> _What is expected_
Starting with the opening line of the entries below, transcribe each line exactly up to and including the one that has "انقلابی در CarPlay: تمام"; pictures are not copied.

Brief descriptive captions
######
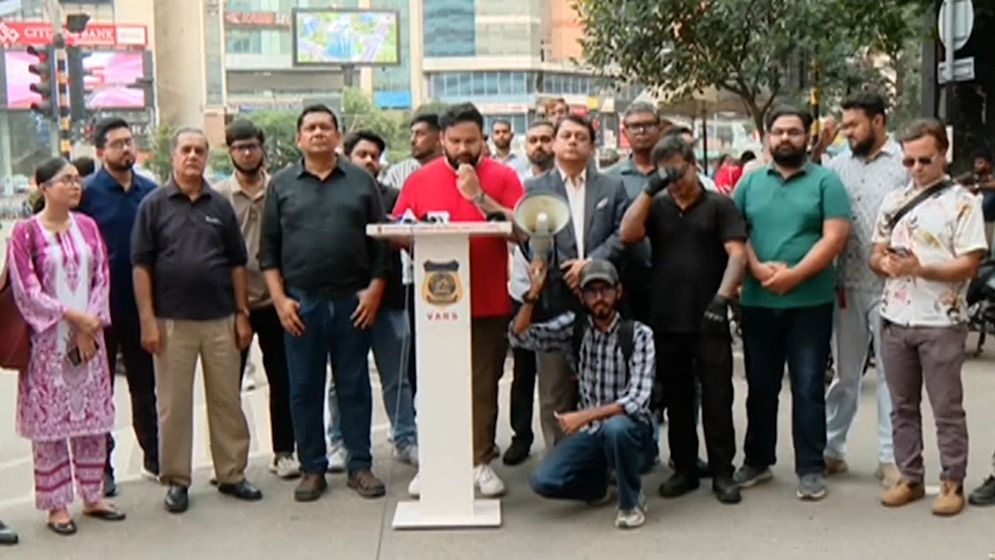 গুলশানে ব্যাটারিচালিত অটোরিকশা নিয়ন্ত্রণের দাবিতে অবস্থান কর্মসূচি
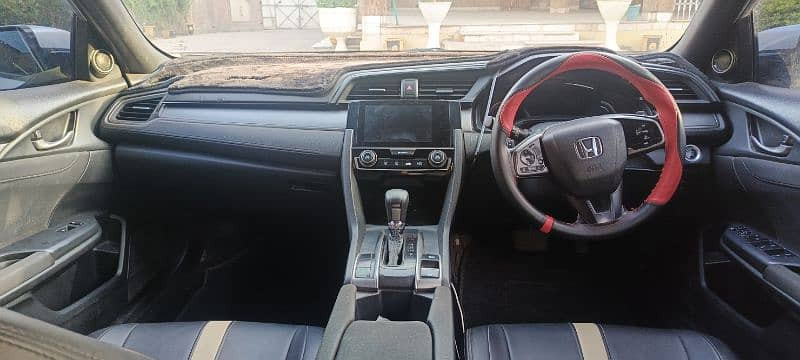 honda-civic-turbo-15-2017-big-5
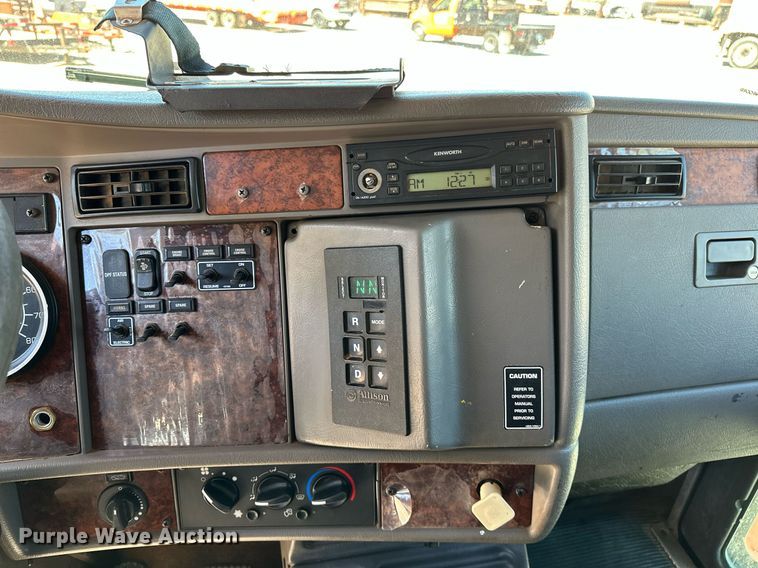 image for item LR9684 2008 Kenworth T300  dump truck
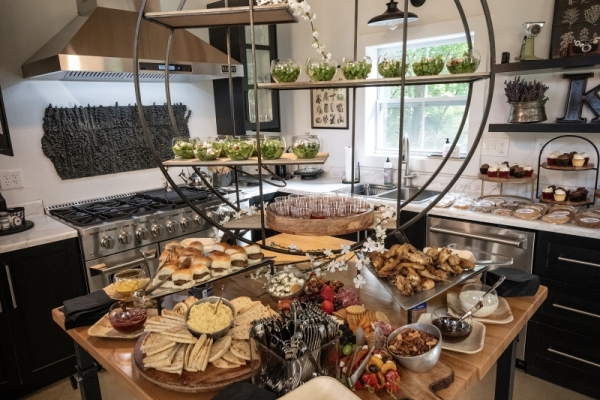 smbussummercelebrationkharislav81243090_53896848429_o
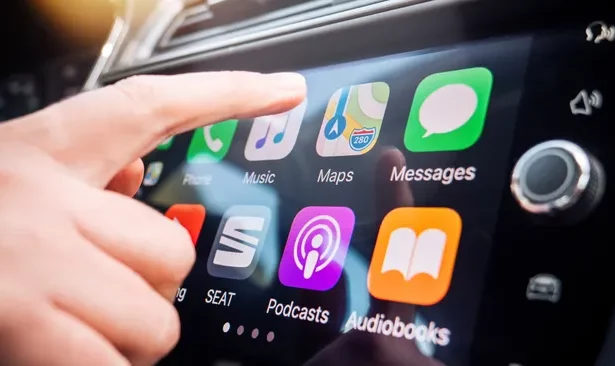 انقلابی در CarPlay: تمام قابلیت‌های جدید iOS 18.4 را کشف کنید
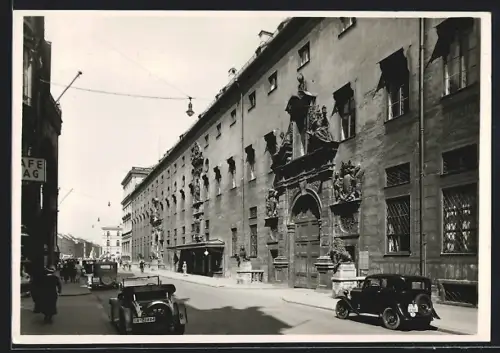 AK München, Strassenpartie bei der Residenz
######
> _Solved problem_
 গুলশানে ব্যাটারিচালিত অটোরিকশা নিয়ন্ত্রণের দাবিতে অবস্থান কর্মসূচি
 honda-civic-turbo-15-2017-big-5
 image for item LR9684 2008 Kenworth T300  dump truck
 smbussummercelebrationkharislav81243090_53896848429_o
 انقلابی در CarPlay: تمام قابلیت‌های جدید iOS 18.4 را کشف کنید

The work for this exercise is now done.